Speaking as an introvert from birth and a guy to boot, I'll be one of the first to say that being single has innumerable advantages. You can come and go whenever you like. You can stay late for work (or, if you like, for noding) without having to call. You can cook strange meals and not worry about anyone else going hungry if it flops. You can avoid cleaning your kitchen for days at a time. You can have friends over for as late as you like. You can decorate the place where you live any way you want. And you never, ever have to worry about other people wanting to do something in your house you don't want done, and if they do, you can tell them to go home and do it somewhere else.

Of course, the novelty of this eventually wears off.

I have a theory that most people need love because everyone needs someone else in their life who thinks that they're a better person than they perceive themselves to be. Of course, there are no lack of people in the world who think the absolute world of themselves already, and they're probably better off without sharing their lives with anyone else. More power to them, I suppose.

But they're in the minority. Most people think they're pretty good as they are, but they want to be better. Most people realize that they're less than perfect, that they have room for improvement, that change can be a Good Thing if motivated properly. What they usually lack, however, is enough faith in themselves to see those changes all the way through. Self-improvement is a major industry for the same reason lotteries are: they usually end with only a hint of the promised results rather than the whole enchilada.

This is what love is good for.

"Unconditional love" is really a redundancy; real love is by necessity unconditional, given without any requirement or expectation of return. People usually envision love as being about emotions or gifts, but its also about faith, about accepting another person for what they are and at the same time believing that they have the potential, the ability, to become something better. And this hope and faith, like everything else in love, is given freely and generously, as often as needed.

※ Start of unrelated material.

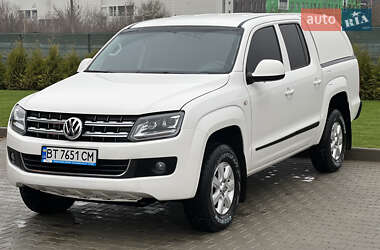 Пикап Volkswagen Amarok 2013 в Виннице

And when you experience this, not just the first time but every time, it's like you've been on the brink of starvation at every other time of your life and are suddenly offered a seat at the Queen's holiday feast. It makes you feel like you can run around the continent and back, like you can fend off an army with your bare hands, like you can do anything, anything, because this one person believes without question that you can.

There's nothing else on Earth quite like it. Believe me, it's worth the time spent.